Un atto senza precedenti che vede unito il movimento dei lavoratori alle organizzazioni che da tempo si battono contro la campagna militare saudita in Yemen, capaci – insieme a diverse inchieste giornalistiche – di provare l’uso di armi prodotte in Europa nel massacro di civili. In Italia la “merce” arriva dalla Sardegna, dalla filiale tedesca della Rwm a Domusnovas, per la cui riconversione combattono da anni le organizzazioni locali.

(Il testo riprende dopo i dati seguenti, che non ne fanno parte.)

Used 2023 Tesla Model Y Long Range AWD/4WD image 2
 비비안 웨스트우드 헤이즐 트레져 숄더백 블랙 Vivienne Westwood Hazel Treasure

Il timore, concreto, è che a Genova – o comunque in Italia, si parla di un secondo scalo della Bahri Yanbu a La Spezia o a Cagliari – possa caricare altre armi o equipaggiamento destinato all’esercito saudita. A dare informazioni in più è Opal, l’Osservatorio permanente sulle armi leggere e politiche di sicurezza e difesa: “Teknel ha richiesto e ottenuto nel 2018 un’autorizzazione all’esportazione per un controvalore complessivo di € 7.829.780, riguardante 18 gruppi elettrogeni su trailer, dotati di palo telescopico per illuminazione, che alimentano 18 shelter per comunicazione, comando e controllo, e relative parti di ricambio; ciascuno di questi shelter è in grado di gestire UAV (droni), comunicazioni e centri di comando aereo e terrestre. Questo materiale militare è stato venduto all’Arabia Saudita e le consegne, cominciate nel 2018, sono ancora in corso”.